There aren't a whole lot of conditions under which you can draw EI after getting out of the Reg F.  I've yet to hear of one...

edit:  If you aren't offered an IE (or whatever it's called these days) after your VIE, then you would likely be eligible.  That would imply that you're somewhat of a screwup, though....


----------



## George Wallace

Occam said:
			
		

> ........  The only exception I've heard of is the mandatory 35 day break in service that Reg F annuitants who are employed as Class B reservists must take, and even they have to do the two week waiting period...and even that depends on how much pension income is coming in.

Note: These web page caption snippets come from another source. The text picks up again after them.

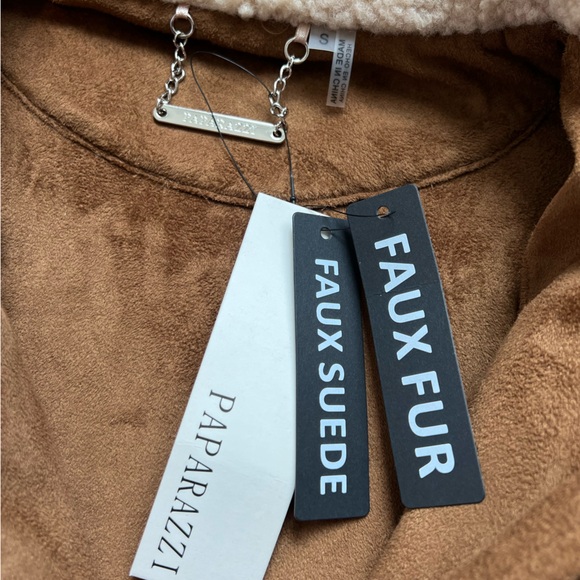 NWT Paparazzi Faux Fur Microsuede Jacket Moto Penny Lane - Picture 3 of 4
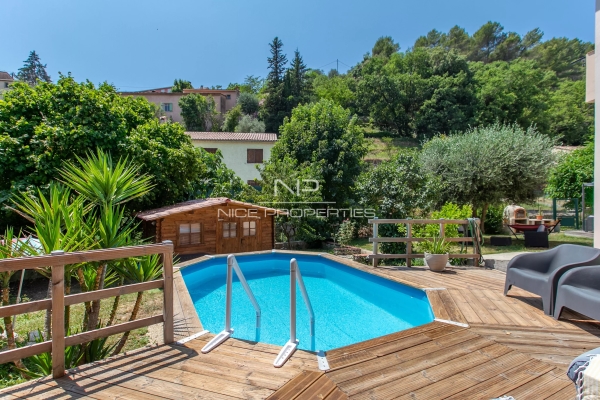 Maison de luxe à vendre à Levens, 579 000 €, Photo 1
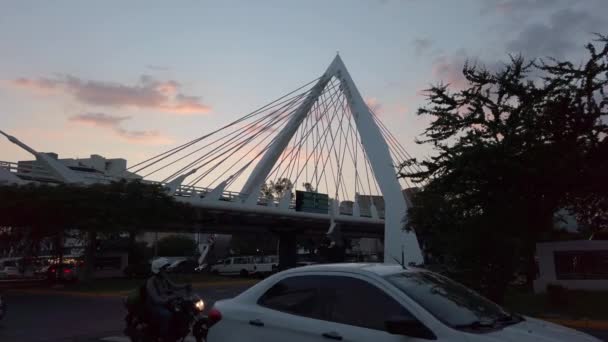 夜の間にメキシコの道路網上の吊り橋の低角度ショット — ストック動画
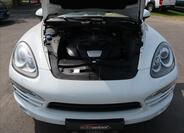 Porsche Cayenne 24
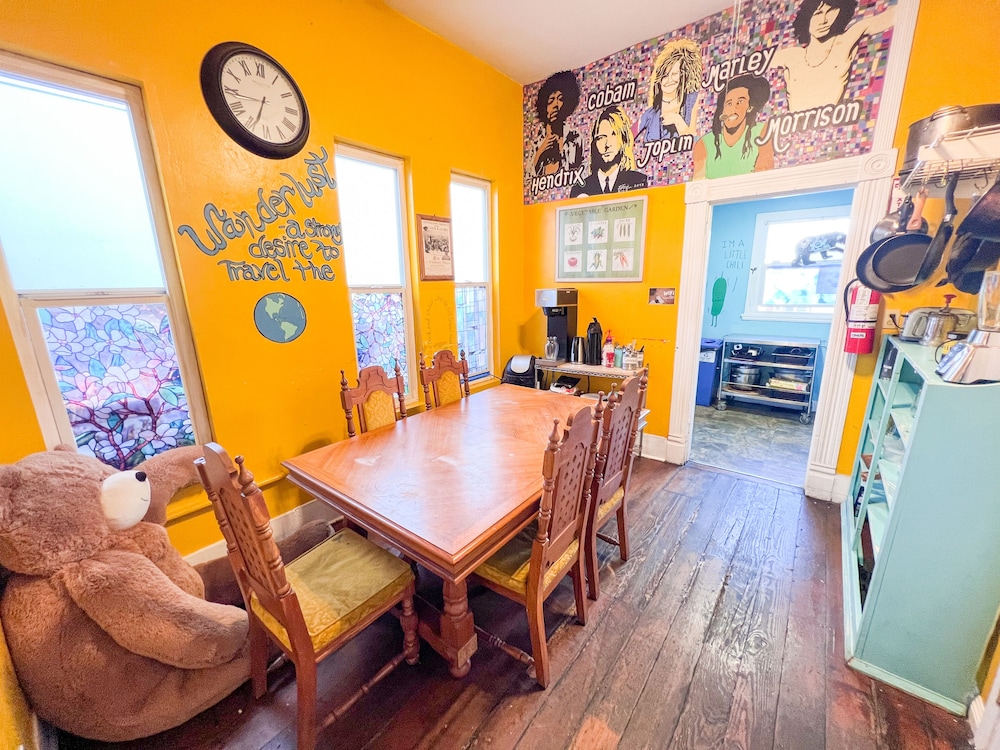 International Travelers House Hostel \- Downtown San Diego Little Italy.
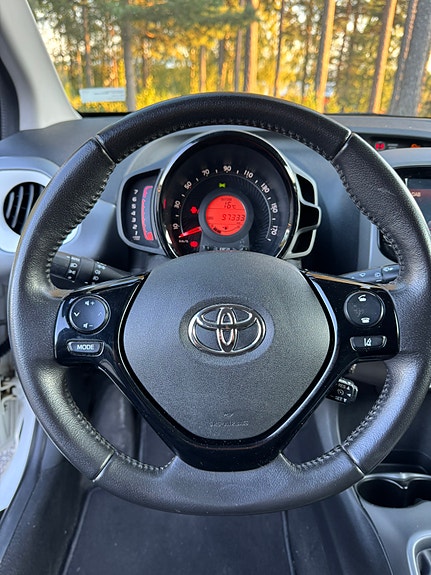 Toyota Aygo 13 of 26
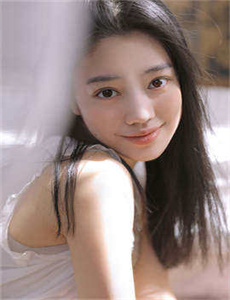 《赤裸的美奈子》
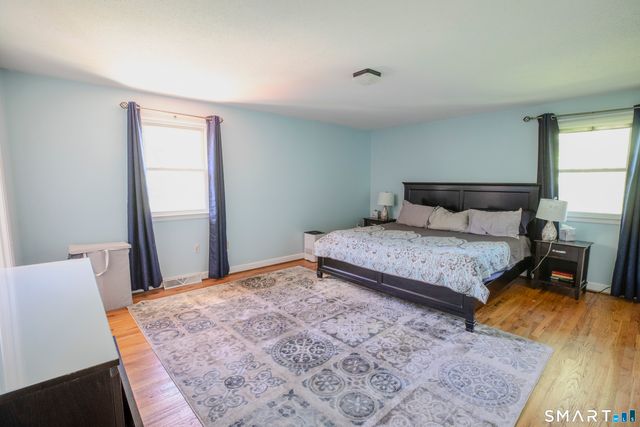 10 Eastwood Road, West Hartford, CT 06117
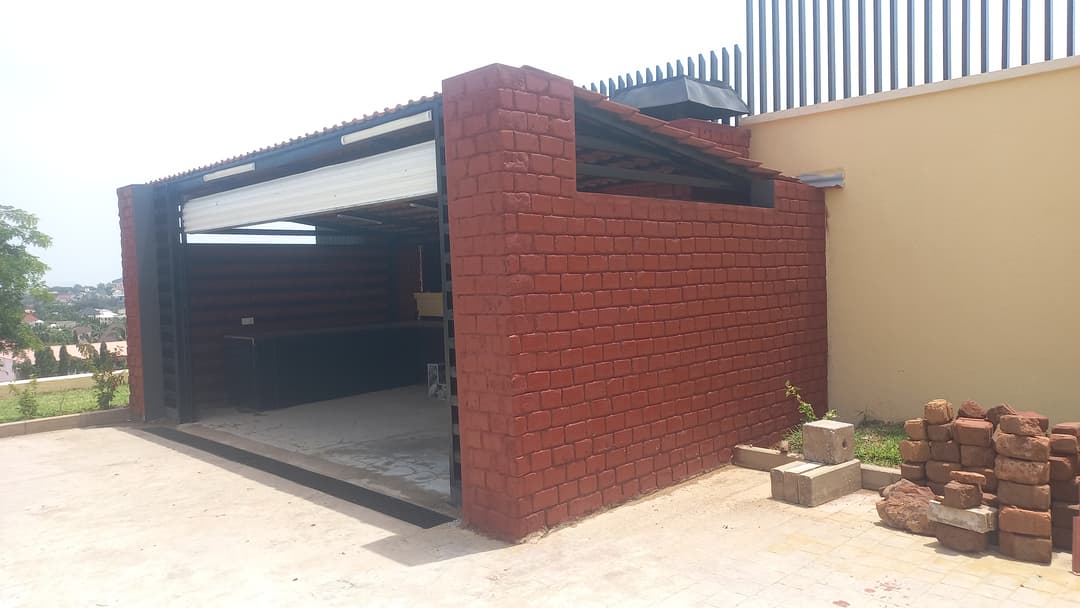 Outdoor kitchen and Store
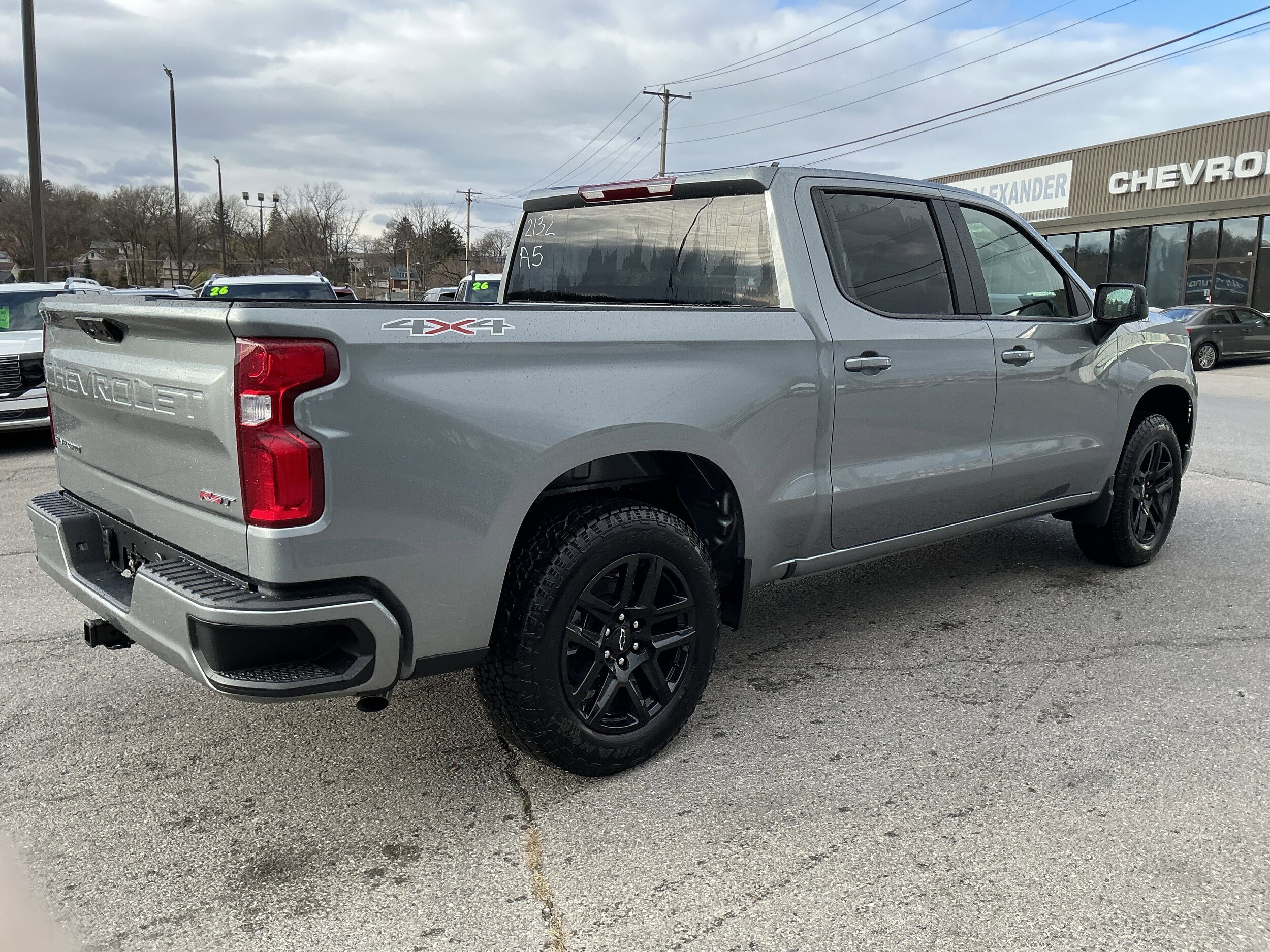 2026 Chevrolet Silverado 1500 RST photo 3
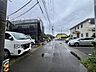 外観：前面道路は広く、駐車がしやすいです。駐車スペース2台分ございます。 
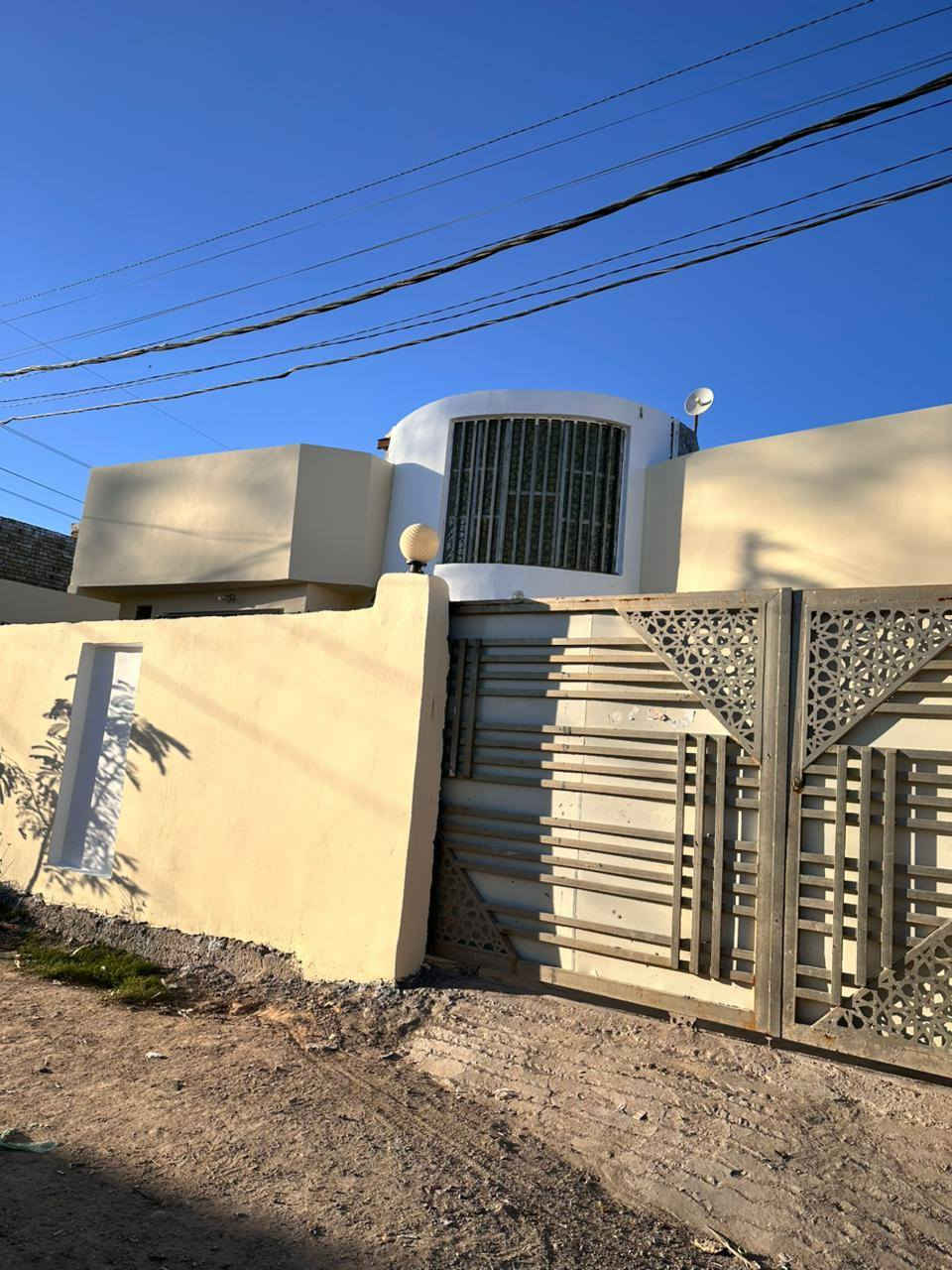 يعلن مكتب الفرات
كراج،سياره بصف بيت مساحه 350متر سعر 75وبي مجال 

بناء ممتاز// اساس وسقف صب 
طابوق 🧱 جمهوري

ملاحضه البيت مشمول بتطويب 

كل الخدمات موجوده 
مدارس 🏫 سوق #

مقابل  قرية الغدير #مكتب_الفرات عامود 301بظبط

*********** عنوان نجف
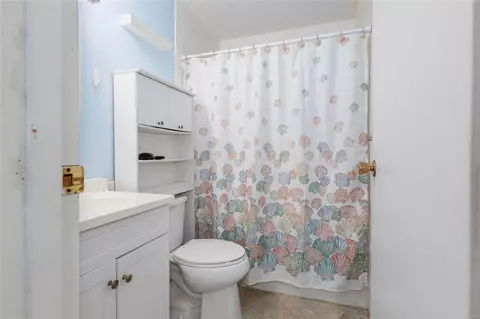 Bath - 337 Bellestri Dr, Ballwin, MO 63021 photo 1 of 3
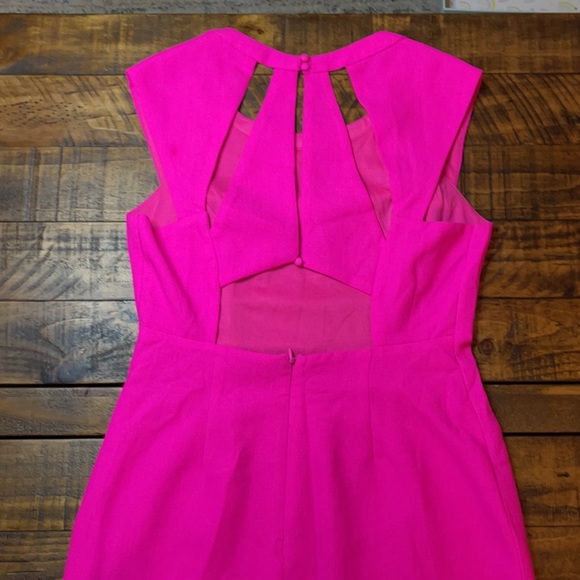 Pink dress - Picture 5 of 6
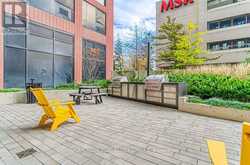 323 - 8 TIPPETT ROAD Toronto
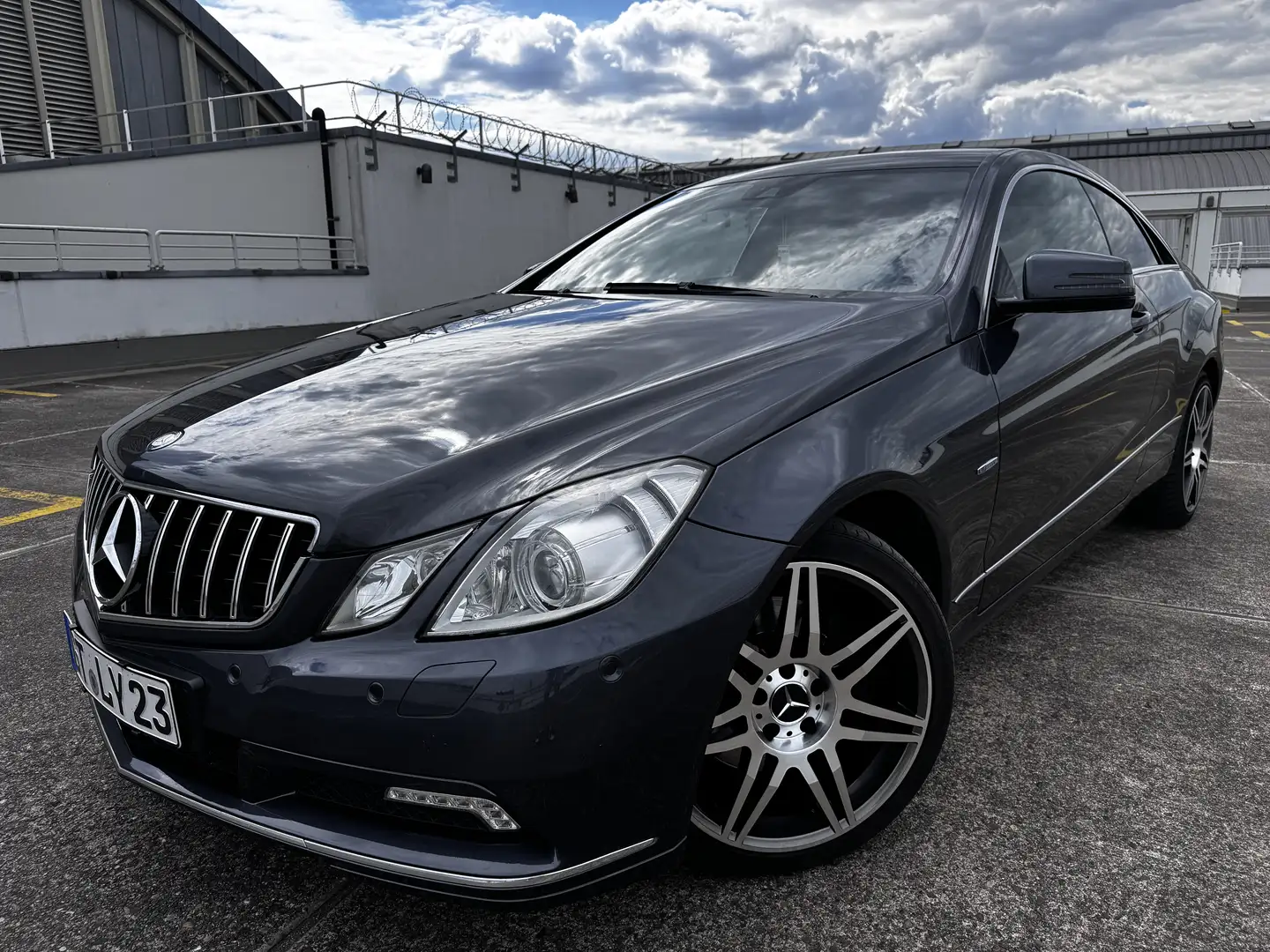 Mercedes-Benz E 250 CDI DPF Coupe BlueEFFICIENCY Automatik Avantgarde - 2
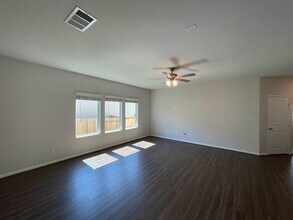 256 Crystal Brook Dr in Liberty Hill, TX - Building Photo - Building Photo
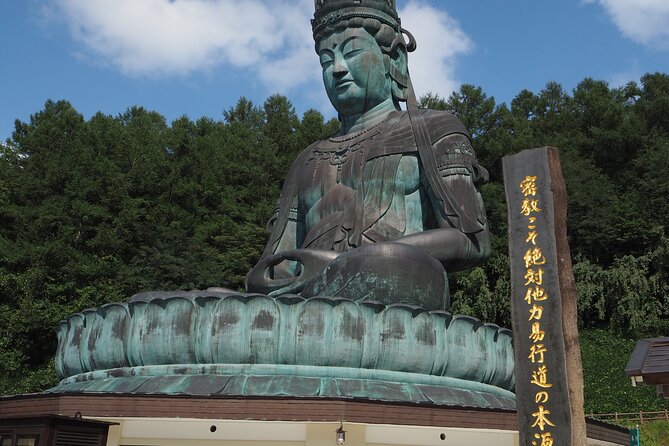 Private Tour to Big Buddha and Nebuta Museum With Licensed Guide - Languages Available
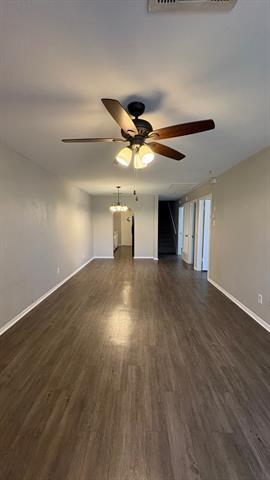 Building Photo - 2410 Woodoak Ct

Your CF pension does not factor in in this situation.

As Occam lays it out, on Release from the CF you are not entitled to collect EI.  If you, however, find another job and are laid off, your CF wages and your current job wages may be tallied in the calculation of your EI benefits.


----------



## top4u20

Thanks for the replies...but
 I did some digging and found these CDN Govt articles specifically talking about this very thing. The last 2 paragraphs in particular. Seems this has been brought up before. 

http://www.ae-ei.gc.ca/policy/appeals/cubs/20000-30000/23000-23999/23828e.html


----------



## Occam

That's a 17 year old decision, which is referring to an even older decision.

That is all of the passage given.